### Information provided
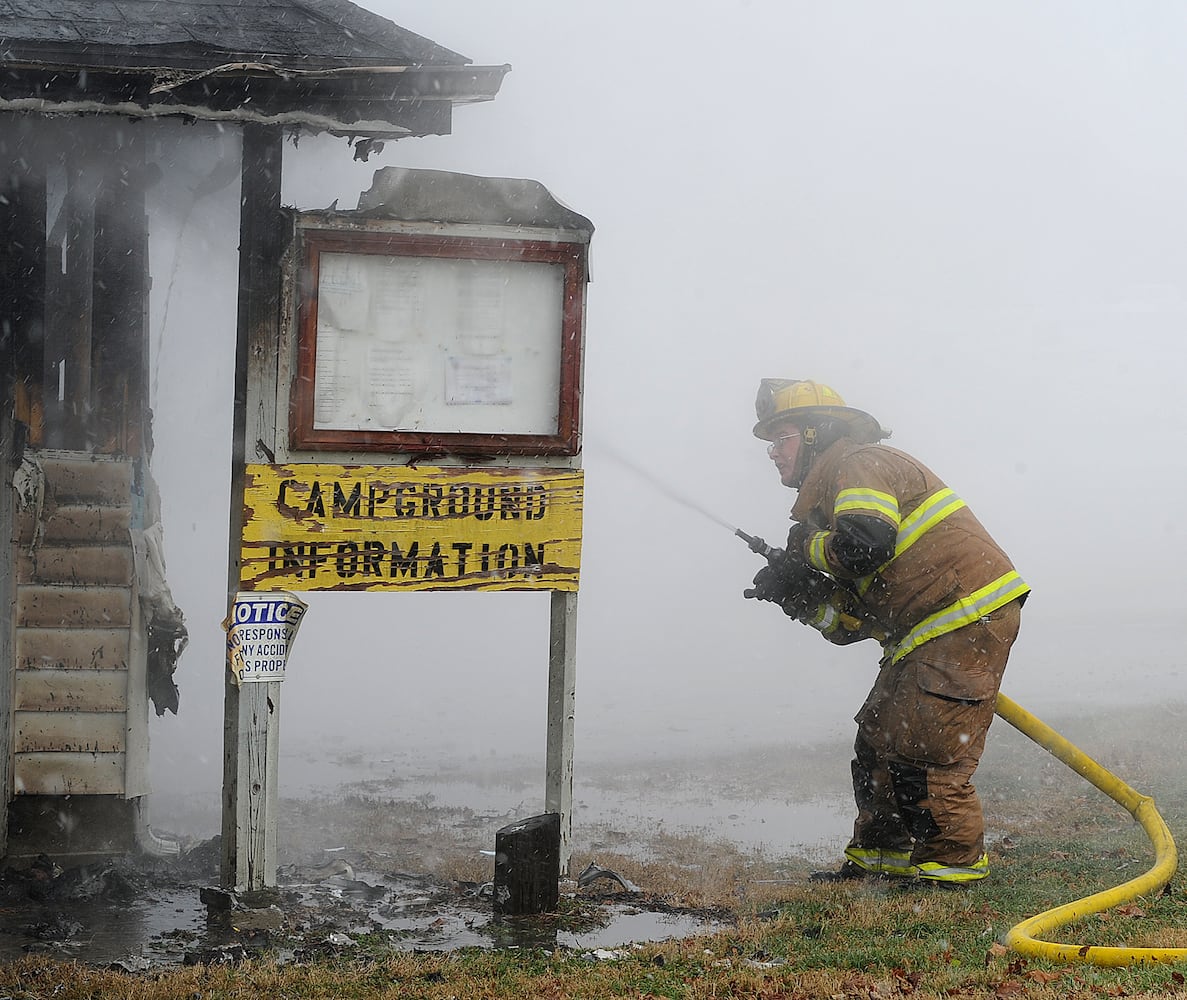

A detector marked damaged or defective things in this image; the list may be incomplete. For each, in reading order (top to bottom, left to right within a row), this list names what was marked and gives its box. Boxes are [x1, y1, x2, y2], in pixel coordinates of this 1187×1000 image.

charred wood siding [12, 451, 140, 793]
burned building [0, 0, 505, 855]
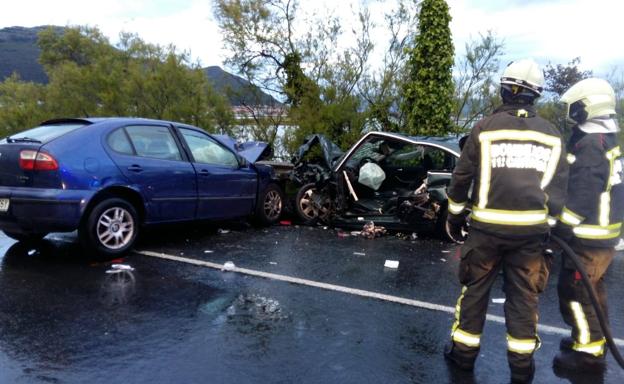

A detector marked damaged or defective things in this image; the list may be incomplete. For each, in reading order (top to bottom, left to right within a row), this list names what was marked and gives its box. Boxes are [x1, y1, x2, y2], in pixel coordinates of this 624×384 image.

detached car bumper [0, 187, 94, 232]
shattered car body [290, 132, 460, 234]
wrecked dark car [290, 133, 460, 237]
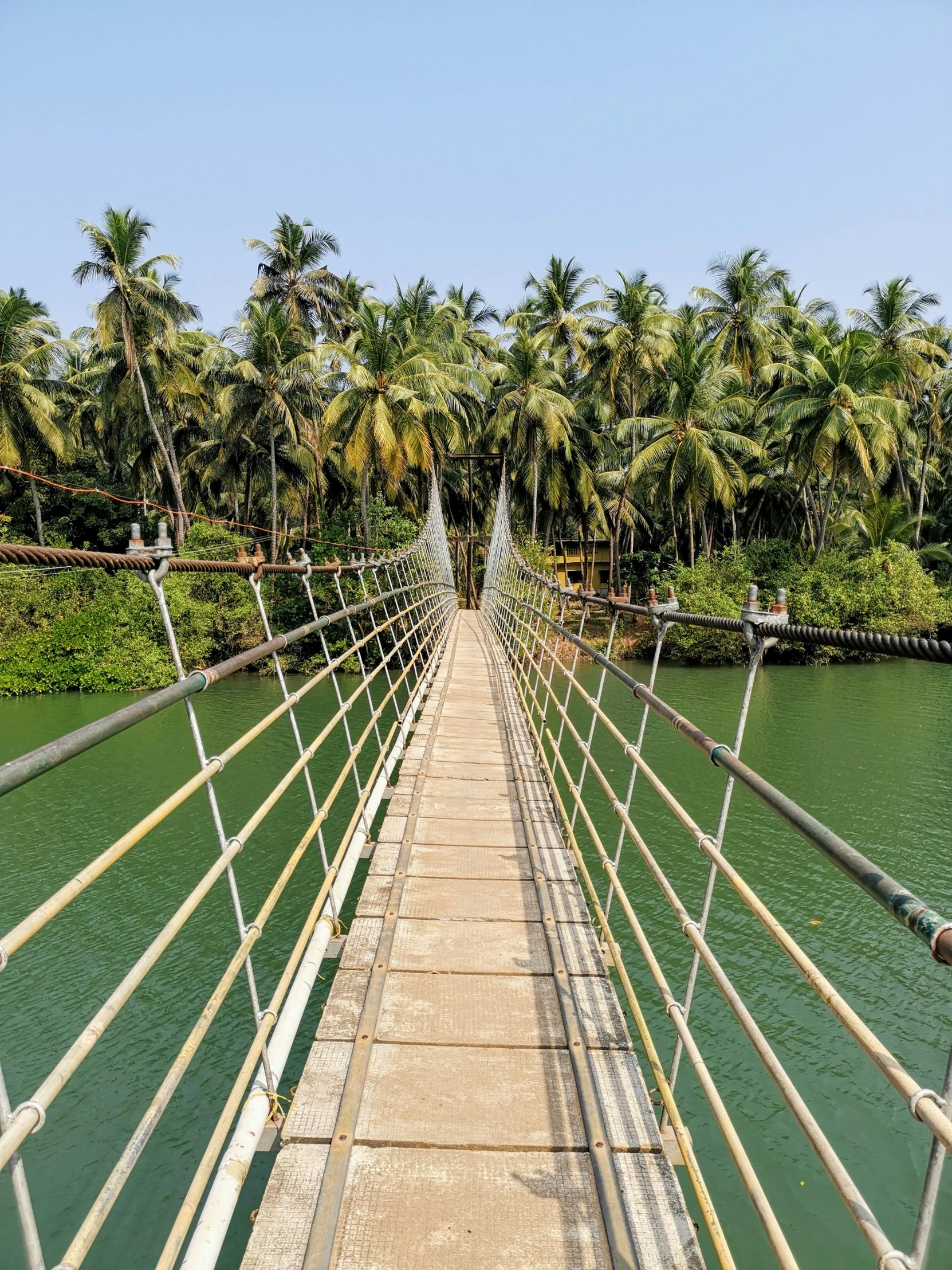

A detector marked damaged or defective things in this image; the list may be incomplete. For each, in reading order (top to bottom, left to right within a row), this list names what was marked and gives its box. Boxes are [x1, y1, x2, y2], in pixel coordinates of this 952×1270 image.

rusty handrail pipe [0, 581, 457, 797]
######
The answer is the line holding "this 952×1270 image." and all the lines after it through the end of the records, repeated exactly.

▶ [Result of this exercise]:
A detector marked damaged or defective things in this image; the list may be incomplete. For each, in reading order (top to bottom, left to right within a row), this list names what was marked and gives its box. Boxes are [x1, y1, x2, y2], in pixel coordinates of this 952×1270 image.

rusty handrail pipe [0, 581, 457, 797]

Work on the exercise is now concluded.